Wednesday, 1 June 2016
Exhibit Hall H (San Diego Convention Center)
S. M. Jeong, J. Y. Yoon, H. S. Choi, D. S. Byeon (Korea Institute of Ceramic Engineering and Technology), E. Jung (Materials Science and Engineering, Yonsei University), Y. J. Kwon, J. Kim, Y. Kim, W. S. Seo, and M. H. Lee (Korea Institute of Ceramic Engineering and Technology)
Silicon carbide (SiC) is a wide-bandgap semiconductor with high saturation velocity and thermal conductivity. So, It is well-known as a potential substrate for high-power, high-temperature and high-frequency devices. Commercial 4H- and 6H-SiC wafers are commonly grown by physical vapor transport (PVT) method and some emerging techniques such as high temperature chemical vapor deposition (HTCVD) and top seeded solution growth (TSSG) is still under developing.

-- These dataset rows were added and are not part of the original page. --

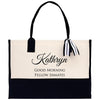 a black and white tote bag with a ribbon on it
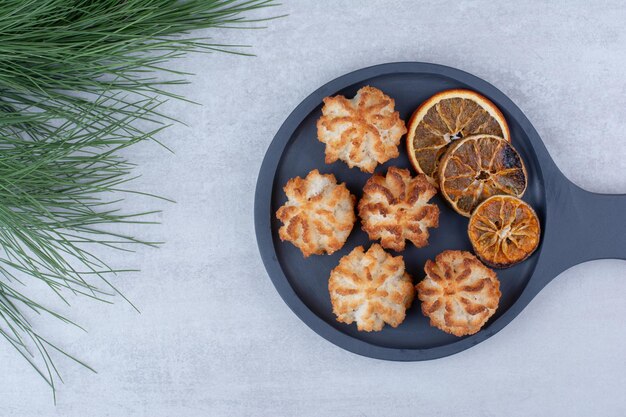 Coconut macaroons on dark board with orange slices. High quality photo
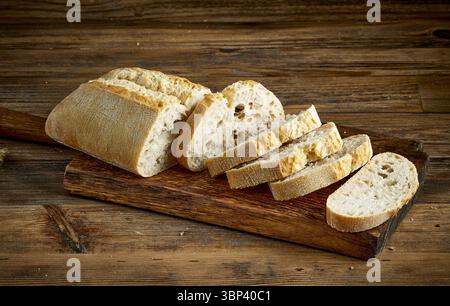 pain tranché fraîchement cuit sur la table de cuisine rustique en bois dans la boulangerie Banque D'Images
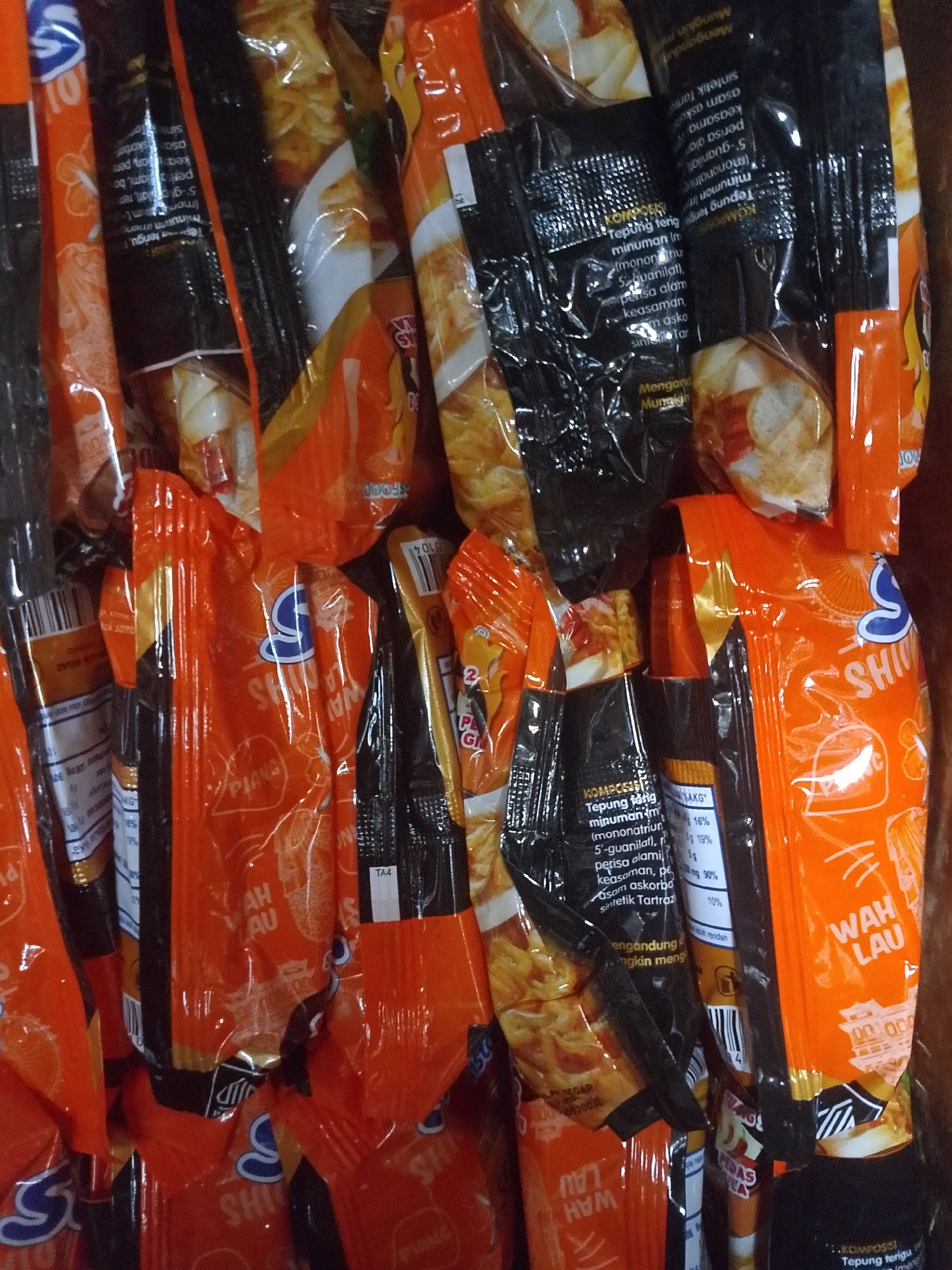 The image displays a close-up, slightly blurred, top-down view of a stack of packaged instant noodles. The packaging is predominantly orange and black, with some white and blue accents. The text on the packaging is in a foreign language, likely Indonesian, given the mention of Mukapayung, Indonesia. Several packages have graphics of stylized ramen bowls or noodle dishes. The lighting appears to be ambient, with some reflections on the plastic packaging, suggesting an indoor setting. The overall impression is of a commercial display or storage of food products.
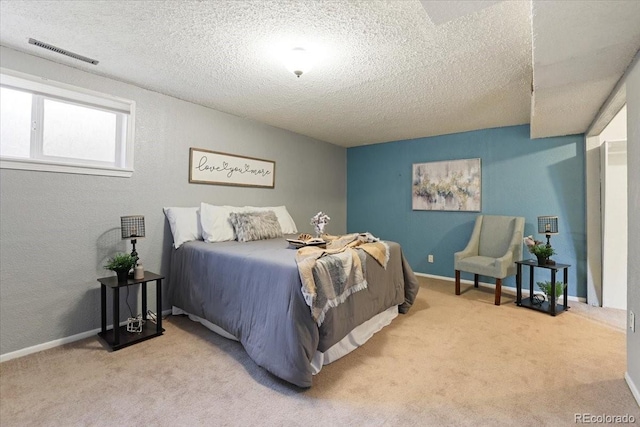 bedroom with light carpet and a textured ceiling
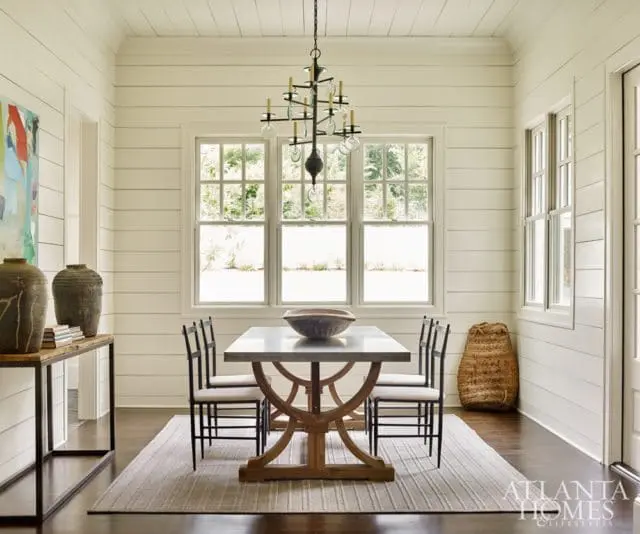 Dining room with shiplap walls, a marble-top dining table with a wooden base, upholstered chairs, and a large abstract painting on the wall.
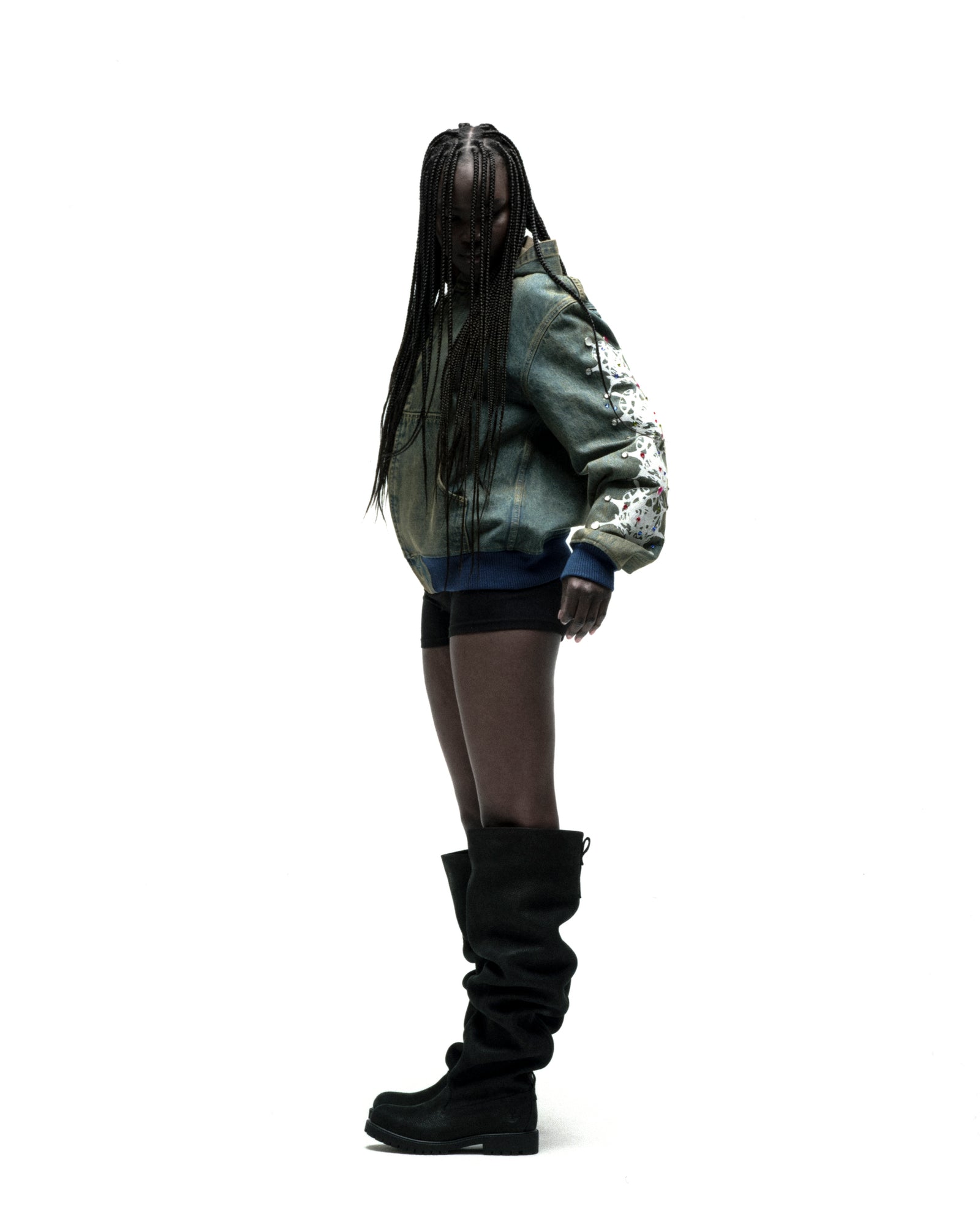 Faded denim hooded jacket with web print, rhinestone sleeves, zip closure, and patch pockets.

Because SiC has large number of polytypes determined by their stacking order during crystal growth, the polytype inclusion has been a common issue during SiC growth, especially at the early stage of development of new process or new equipments. When photon is incident on the surface of SiC crystal and the energy of photon is larger than the band gap of SiC (2.9 ~ 3.3eV in the UV range), the photon excites the electron in the valence band to the conduction band. Excited electron goes to the lower states emitting heat and relaxes to the valence band emitting photon that has longer wavelength that the incident light. The phenomena that wavelength is shifted to the longer wavelength by material is called fluorescence. Thus, polytypes with different energy band gap can be identified with the fluorescence color if UV ray is incident ray with sufficient energy for excite electron in the valence band.

In this study, we observed the fluorescent color of various SiC polytypes with a lab-developed UV fluorescence equipment. The UV fluorescence is non-destructive technique to characterize the grown sample without any further sample preparations, so that this technique is applied to develop a new PVT process in the early stages. SIMS, Photoluminescence and Raman spectroscopy were used for identify the fluorescence color considering polytypes, dopants and defects. Stress mapping using high resolution X-ray diffraction and Raman spectroscopy were used for analyzing the effect of polytype formation on residual stress distribution on the grown crystal. Glazing-incidence X-ray topography using white beam were conducted for evaluating the grown SiC crystals at Pohang accelerator laboratory.